I will walk around, look at everything, see everything, observe it all. I notice the tiniest of details: the curve of hands, the folds in skirts, the haphazardly growing grass, the wrinkles in the sky, the sunlight playing with people’s hair, reflecting in their eyes and glowing there like miniature solar systems, the rough salt and pepper look of my driveway. I see so much beauty.
And, in my head, I write. When I see something that makes me stop and wonder at it, I try and describe it. I write and write in my head and lose it all to the cracks in my memory, where little thoughts and moments slip into the abyss of forgetting. I’ve come to the conclusion I need to start carrying my composition notebook everywhere, lest I lose even more; soon my writing arsenal will be overflowing with ideas and small observations.

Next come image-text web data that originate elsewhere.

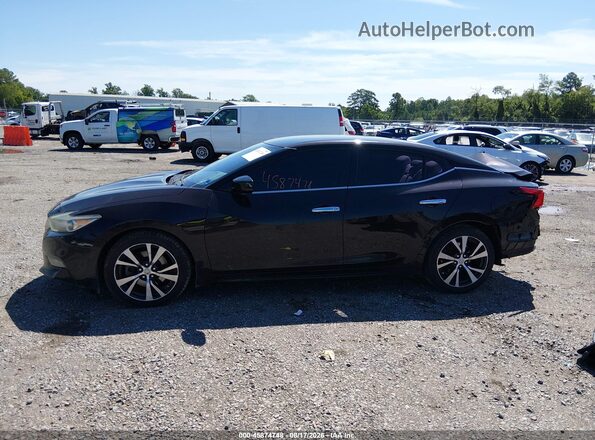 1N4AA6AP2GC399430 2016 NISSAN MAXIMA Black სალონის 360-გრადუსიანი ხედი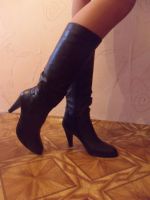 Лот: 3223862. Фото: 3. Женские кожаные сапоги осень-весна... Одежда, обувь, галантерея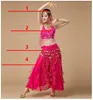 Scen Wear Costume Girl Belly Dance Anpassad vuxen Child Bellydance Baladi Shabbi Competiton Clothing Robe kläder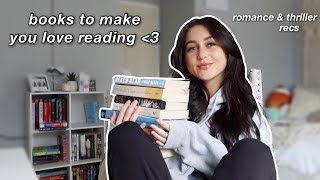 book recommendations if you wanna start reading or if you just want some easyfast paced reads [upl. by Noletta]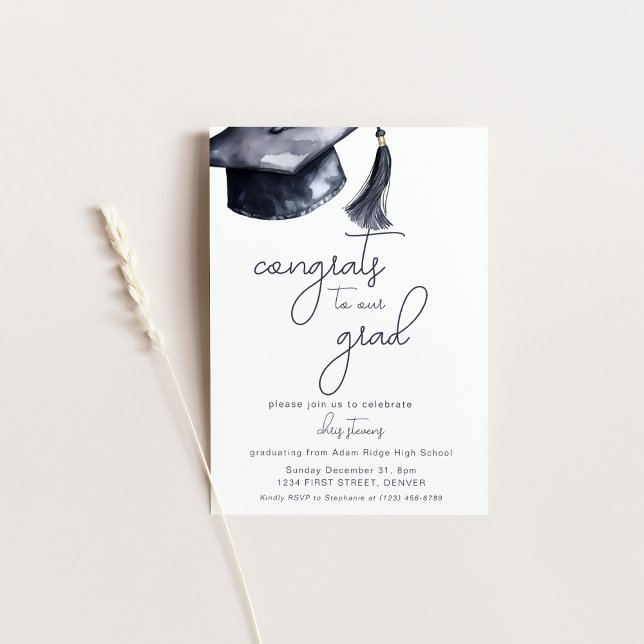 Congrats to our Grad Custom Party Invitation (Creator Uploaded)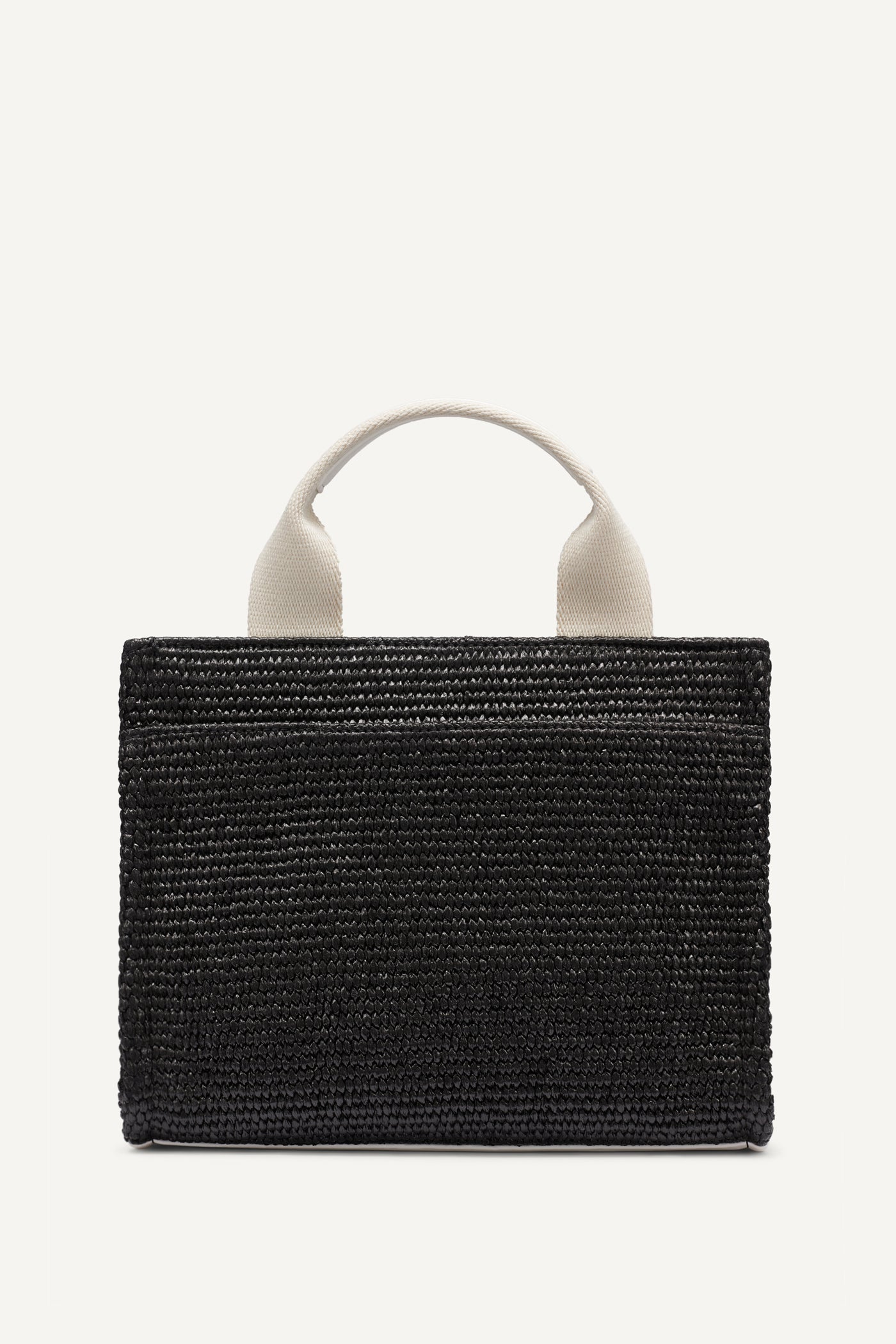 HADLEE SMALL STRAW LOGO TOTE VIEW 3 | The Hadlee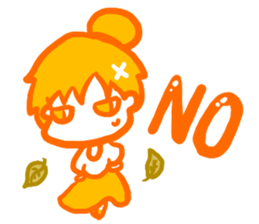 IRONANOKO orange sticker #14921615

I write this for a reason, as always. I seldom write without purpose, which is why the flow of my blog is much slower than some of the others I interact with: I want to challenge you to counteract EVERY negative thought you have, about anything or anyone, with two positive thoughts. I don’t care what the situation is, if you think anything that is negative, you must think up two positive thoughts about that same situation, person, or item.
Example: God, it’s so freakin’ cold outside, I hate it. But, I have jackets to keep me warm and cozy even in this merciless wind, and a house to live in to protect me from winter’s grasp.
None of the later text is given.